There's nothing wrong with that view of the world, because guess what? Our globe is a marvellous, bizarre place filled with beautiful landscapes and oddly shaped people, both physically and mentally. It's nice to look at it and ponder it and see how it matches our take on things, how it compares to the streets and blocks that we call home.

But when you're in it, you're forced to look at things. You're forced to interact with people. You're obligated to understand the larger forces that are shaping and directing the little girl with no shoes and dirty cheeks who you buy your newspaper from.

When I taught at a university here, the students ranged in age from fifteen to fifty. I had a fifteen year old student who was super bright, a beaming young girl who always did her homework and once, good-naturedly (I hope), called me a liar because I had said I would give back an assignment the week before and I hadn't yet. (Being honest in this dishonest culture was a big thing for her; she could spot a fib a mile away.) The first time I met this outspoken youth, I read the names of the students in the class, and I stumbled over her name.

"How do you pronounce this?" I asked.

"It's 'Victory," she said.

"Like the English word?"

"It is the English word," she said. "My parents wanted me to succeed in life."

How old would her parents be? Thirty-five, forty, maybe fifty. They would have been young people during the Khmer Rouge era. They would have seen family members killed, or maybe they lived in the Thai border camps for years on end, wondering when their fair share of life's bounty would be made available to them.
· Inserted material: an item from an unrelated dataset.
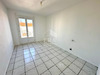 Ma-Cabane - Vente Appartement PERPIGNAN, 77 m²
I also taught a North Korean kid, whose father owns the North Korean restaurant in town. This kid grew up in Burkina Faso, Africa (one of the worst places to live on the planet), where his proud papa taught Tae Kwan Do to the communist leaders of that corrupt regime. Somebody just told me that he was taking pictures of his classmates last week because a return to good old North Korea was on the table in the next few days. Back to Pyongyang to fulfill his military duties, I'm assuming. Mama mia.

This is all heady stuff for a boy from St.Catharines. Issues of war and peace and genocidal regimes and pudgy dictators with super-freaky hair are personified, presto-changeo, right before my eyes. I'm in the thick of it, with the ever-present option of leaving, while everyone else has to stay. That's the difference, and a grand difference it is.

I imagine most Canadian kids are apolitical. They don't have reasons to be engaged with the forces of good and evil that are everyday occurrences elsewhere around the planet. With immigrants from places like Somalia and Sudan arriving daily in Canada, though, that white-bread, idyllic Canadian world, while still a reality in most parts of the country, will change. Kids will learn about their classmates previous lives. They will listen to stories of torture, and wonder why this has to be. The world will close in on Canada, little by little.

I hope.

This way, young people can at least be aware of what it means to be Canadian. It is not about a flag or a puck or natural beauty. It is about what we have that everyone wants.

You won't find too many kids named 'Victory' in Canada. We haven't felt the need to give our children a name that will inspire them to relentlessly remember the goal of liberation, personal and national, that you must always strive for, despite the seemingly insurmountable odds that threaten to grind you down, day by day.

No, not many kids have to be named 'Victory' back home.

I don't know whether this is something to celebrate or worry about.